E poi la Sala, appannaggio di Simona: oltre 800 etichette, decine di distillati e una particolare cura a seguire il livello alcolico del tavolo, proponendo all’occorrenza stand-by o pause ragionate con infusi, caldi, freddi, tè dalla Cina, dall’India, dal Giappone. Un grande team con 13 persone e alcuni tirocinanti che si alternano e circondano Marcello e Simona, tenendo fede all’idea di una “brigata orizzontale”, dove tutti hanno gli stessi diritti e gli stessi doveri, l’anarchia come autogoverno responsabile, che impegna la squadra a correggersi a vicenda.

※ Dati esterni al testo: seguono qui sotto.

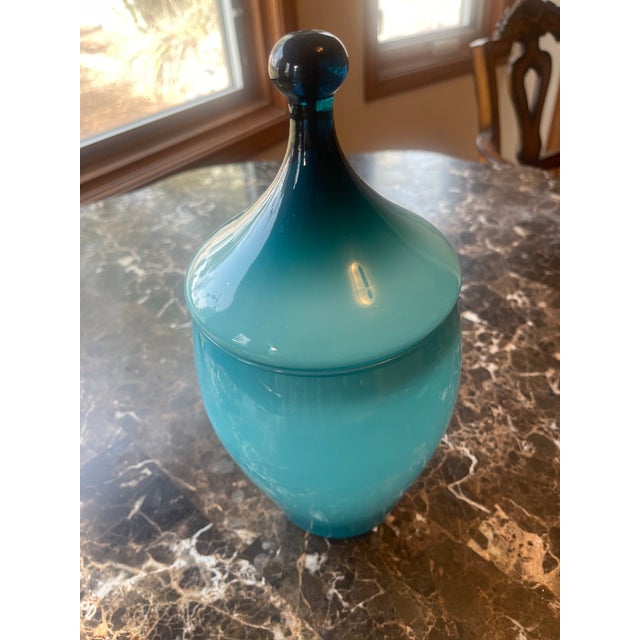 Glass Vase in two-tones of Blue. Ball-top lid in dark blue. Frosted glass interior.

Un approccio verso i suoi ragazzi fatto di riconoscenza e condivisione, che ricorre spesso nel racconto di Marcello e che al termine del pranzo escono a presentarsi: in Cucina: Andrea Turchi – sous chef, Elisa Dell’Orto – sous chef, Lee Jiyoung – panettiera, Federico Tiseyra – Pastry chef. In Sala: Simona Beltrami – Restaurant manager e Sommelier, Alberto Bonanno – Direttore di Sala, Lau Bostiog – chef de rang, Marisella Vozza – Aiuto Sommelier.

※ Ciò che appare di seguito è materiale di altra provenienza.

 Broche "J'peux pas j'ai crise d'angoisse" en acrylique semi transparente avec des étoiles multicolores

Affidarsi allo chef si rivela ancora una volta la scelta giusta, ma questa volta ancora di più, visto che non mi ero tenuto i soliti due piatti sicuri, quando siedo in un ristorante che non conosco. Un percorso visionario, raffinato, curioso, che spazia attraverso piatti connotati da tecniche moderne, che esprimono sempre un pensiero profondo e non si pongono steccati di sorta.

Ecco allora tra le entrate: la gelatina pomodoro / Prunill semi dry /caviale; il foie di mare in carpione; il granchio / cavolfiore / pompelmo; lo sgombro tra Scapece e Saor; la Capanegra. Tra i primi piatti, il minestrone; i noodle / cime di rapa / tartufo nero; gli agnolotti torinesi; il risotto To – Mi. Tra i secondi la ventresca di ricciola e caviale; il piccione tandoori. Tra i dessert, il sorbetto al pomodoro, acqua di finocchi e fave; la pannacotta / aneto / lime; la noce / Moscovado / yogurt; i brownies / itakuja / barbabietola.